2. The Company’s conditional share capital totals no more than PLN 22,377,912.00 (say: twenty two million, three hundred seventy seven thousand, nine hundred twelve zloty) by way of issue of no more than 22.377.912 (say: twenty two million, three hundred seventy seven thousand, nine hundred twelve) series K ordinary bearer shares with a nominal value of PLN 1.00 (say: one zloty) each. The aim of conditional increase of share capital is to grant the right to take up series K shares to series A subscription warrants holders, issued by the Company pursuant to Resolution No. 35 of the Regular General Meeting which was
held on 30 June 2021.
3. Series A subscription warrants holders will be absolutely entitled to take up series K shares. The right to take up series K shares might be exercised until 31 December 2030.
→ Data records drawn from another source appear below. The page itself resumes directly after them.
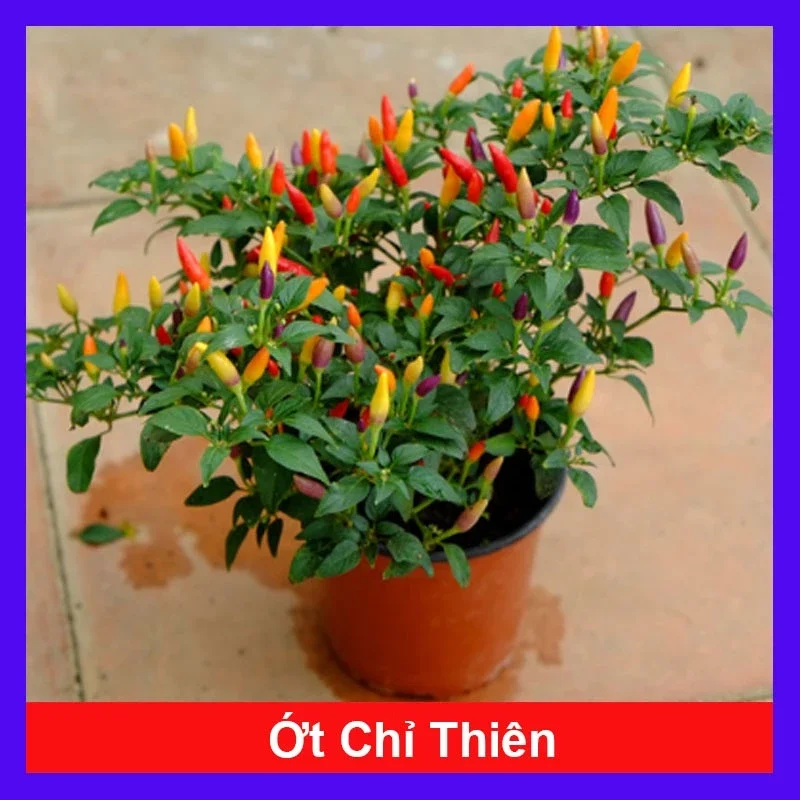 Chậu cây ớt chỉ thiên có sẵn trái, cây to nhiều trái xum xuê bao y hình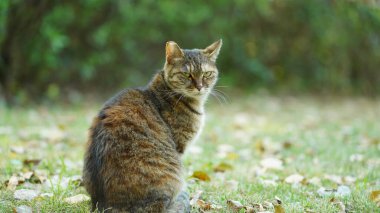 Bahçede dinlenmek için oturan sevimli vahşi bir kedi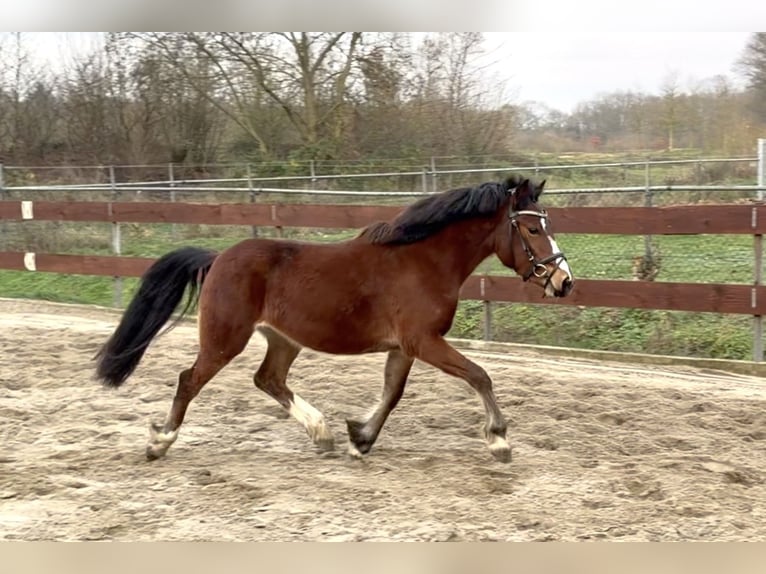 Welsh-C Ruin 3 Jaar 134 cm Bruin in Schaijk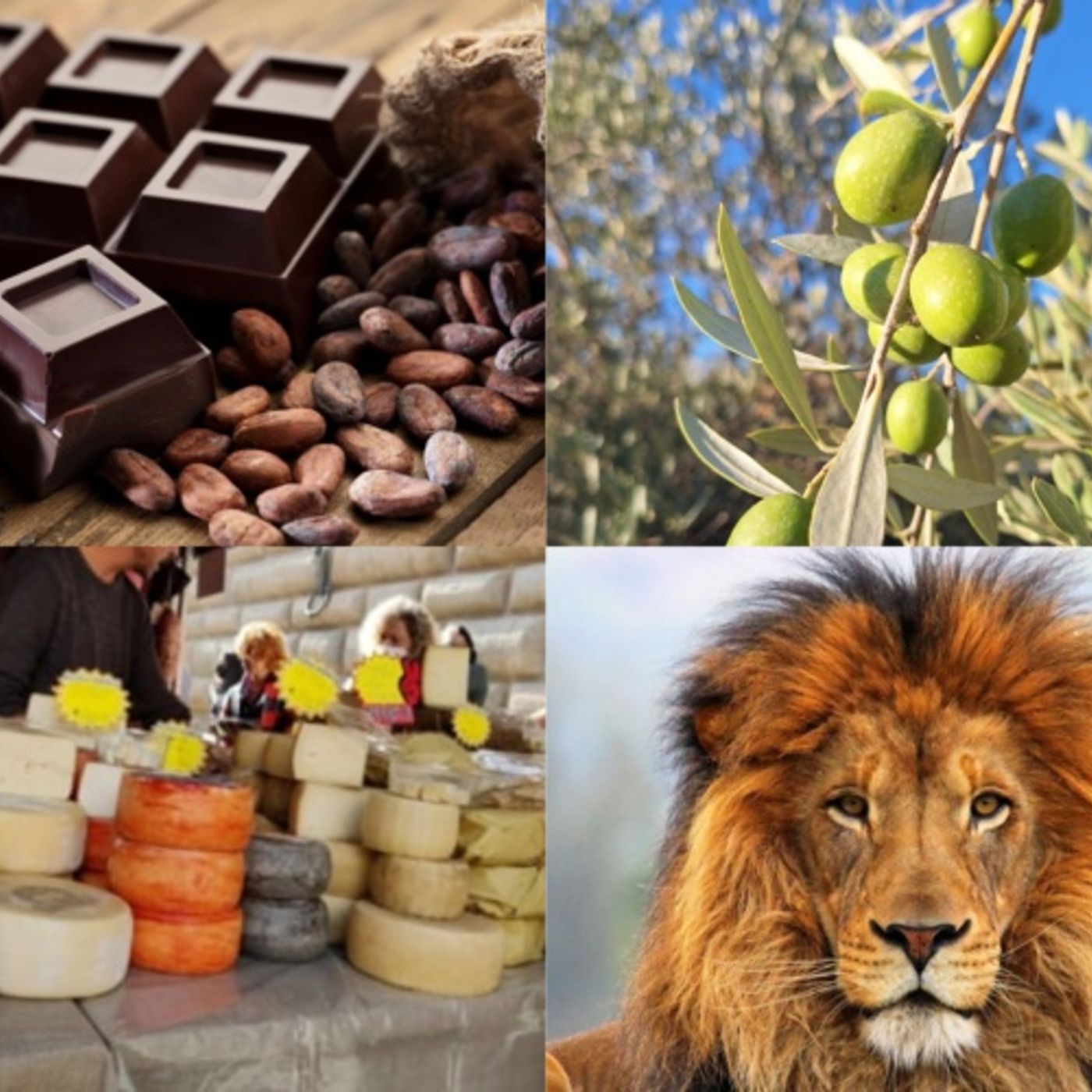 Cioccolato, camminata tra gli olivi, mostra mercato e felini giganti: ecco gli eventi del weekend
4. On the day following the date on which the ordinary General Meeting approves the Company’s financial statement for the financial year ending on 31 December 2006, series B, C and D shares shall be converted into bearer shares. However, if prior to such date the Company enters with Krajowy Depozyt Papierów Wartosciowych S.A. (“KDPW”) into an agreement concerning the registration of such shares in KDWP connected with their dematerialization and application for admission of such shares to trading on the regulated market, series B, C and D shares shall be converted into bearer shares on the date on which the Company enters into the above-referenced agreement with KDPW.
5. A shareholder may not demand that any bearer shares be converted into registered shares.”.
Article 20 (n)
Previously reading as follows:
„n) granting consent to the purchase and sale of real estate, the right of perpetual usufruct
or interest in real estate by the Company,”
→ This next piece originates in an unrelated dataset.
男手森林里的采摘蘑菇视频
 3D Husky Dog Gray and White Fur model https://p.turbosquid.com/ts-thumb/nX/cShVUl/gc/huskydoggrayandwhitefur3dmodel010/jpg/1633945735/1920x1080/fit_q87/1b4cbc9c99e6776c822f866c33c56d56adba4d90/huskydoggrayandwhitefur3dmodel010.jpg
The amended and approved indent reads as follows:
„n) granting consent to the purchase and sale of real estate, the right of perpetual usufruct or interest in real estate, whose value exceeds the equivalent to 15% of he Company’s share capital, by the Company,”.
According to Article 430(1) of the Commercial Partnerships and Companies Code, the foregoing amendments entered into force on the date on which the amended Articles of Association were registered by the competent Registry Court.
Legal basis: Article 56(1)(2)(a) of the Act on Public Offering and Conditions for Introducing Financial Instruments into Organised Trading and on Public Companies (Dziennik Ustaw [Journal of Laws] of 2005, No. 184, item 1539 as amended) in connection with Section 5(1) and 6(1), (3) of the Regulation of the Minister of Finance of 29 March 2018 on Current and Periodic Information Published by Issuers of Securities and on Conditions for Regarding Information Required by Law of Non-Member State as Equivalent (Dziennik Ustaw [Journal of Laws] of 2018, item 757).